# Advanced NLP: Dynamic Decisions and Bi-LSTM CRF 🇦🇺

[![Open In Colab](https://colab.research.google.com/assets/colab-badge.svg)](https://colab.research.google.com/github/vuhung16au/pytorch-mastery/blob/main/examples/pytorch-nlp/04_advanced_nlp.ipynb)
[![View on GitHub](https://img.shields.io/badge/View_on-GitHub-blue?logo=github)](https://github.com/vuhung16au/pytorch-mastery/blob/main/examples/pytorch-nlp/04_advanced_nlp.ipynb)

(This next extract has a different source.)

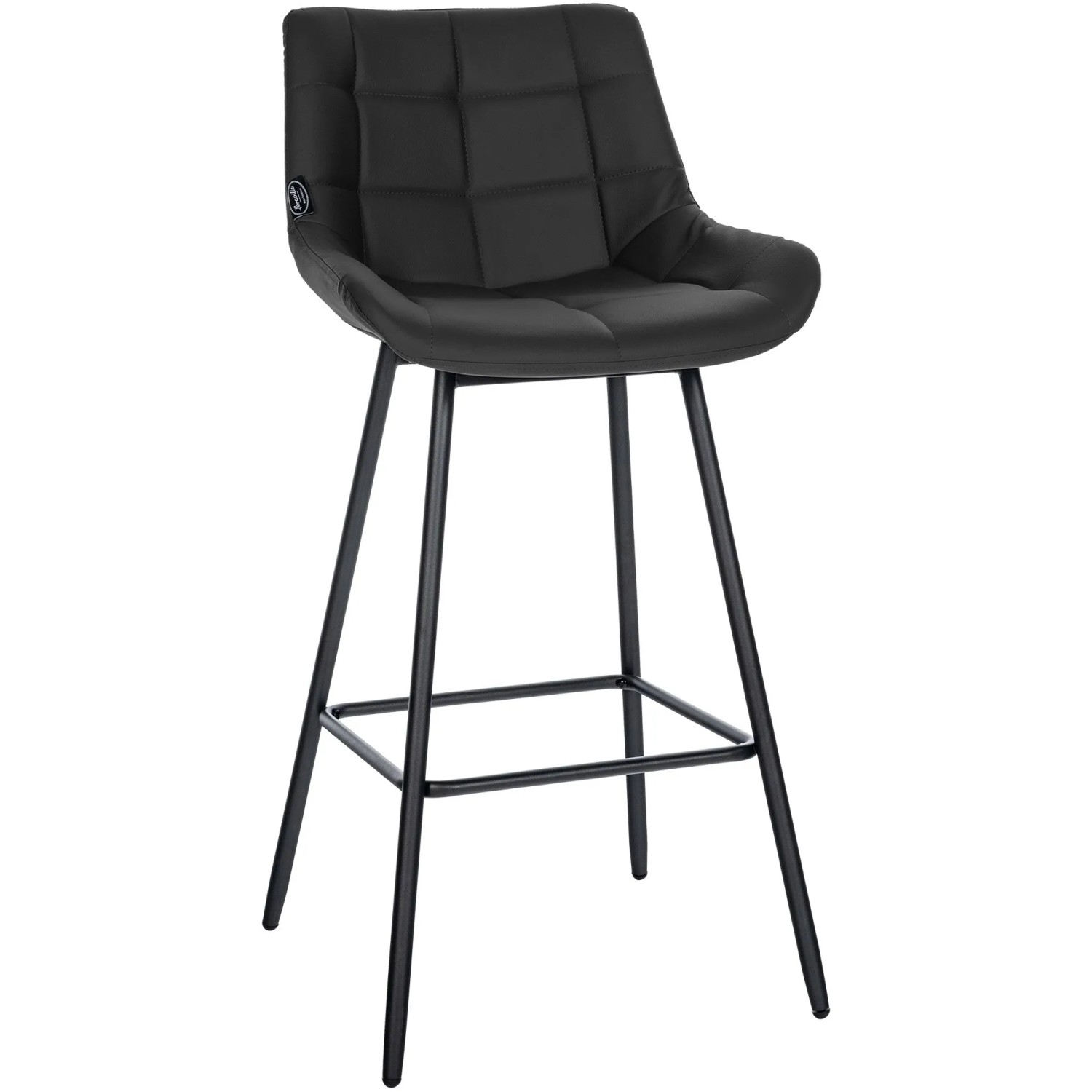CLP Barhocker Weston schwarz/Kunstleder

Master advanced NLP techniques using PyTorch with Bi-directional LSTM and Conditional Random Fields (CRF). Features comprehensive Australian Named Entity Recognition with English-Vietnamese multilingual support and dynamic decision making for complex sequence labeling tasks.

## Learning Objectives

By the end of this notebook, you will:

- 🧠 **Master Bi-LSTM CRF architecture** for advanced sequence labeling
- 🏷️ **Implement Australian NER** for locations, organizations, and landmarks
- 🔄 **Apply dynamic computation graphs** for flexible sequence processing
- 🎯 **Handle complex decision making** with CRF layer constraints
- 🇦🇺 **Build Australian-specific NER** models with tourism entities
- 🌏 **Support multilingual NER** for English and Vietnamese text
- 🤗 **Bridge to Hugging Face** transformers for modern NLP

## What You'll Build

1. **Australian Tourism NER** - Extract locations, attractions, and organizations
2. **Bi-LSTM CRF Model** - State-of-the-art sequence labeling architecture
3. **Dynamic Decision Engine** - Handle variable-length sequences efficiently
4. **Multilingual Entity Extractor** - Process English and Vietnamese tourism text
5. **Hugging Face Integration** - Connect PyTorch models to modern transformers

## Key Concepts

### Bi-directional LSTM
- **Forward LSTM**: Processes sequence left-to-right for context
- **Backward LSTM**: Processes sequence right-to-left for future context
- **Combined representation**: Concatenates both directions for rich features

### Conditional Random Fields (CRF)
- **Global optimization**: Considers entire sequence for optimal labeling
- **Transition constraints**: Enforces valid label transitions (e.g., B-LOC → I-LOC)
- **Viterbi decoding**: Finds most likely sequence of labels

### Australian NER Tags
- **LOC**: Locations (Sydney, Melbourne, Great Barrier Reef)
- **ORG**: Organizations (Qantas, Commonwealth Bank, Tourism Australia)
- **MISC**: Miscellaneous (Opera House, Harbour Bridge, Uluru)
- **PER**: Persons (Australian personalities, Aboriginal leaders)

---

In [None]:
# Environment Detection and Setup
import sys
import subprocess
import os
import time

# Detect the runtime environment
IS_COLAB = "google.colab" in sys.modules
IS_KAGGLE = "kaggle_secrets" in sys.modules or "kaggle" in os.environ.get('KAGGLE_URL_BASE', '')
IS_LOCAL = not (IS_COLAB or IS_KAGGLE)

print(f"🔍 Advanced NLP Environment Detection:")
print(f"   Local Development: {IS_LOCAL}")
print(f"   Google Colab: {IS_COLAB}")
print(f"   Kaggle Notebooks: {IS_KAGGLE}")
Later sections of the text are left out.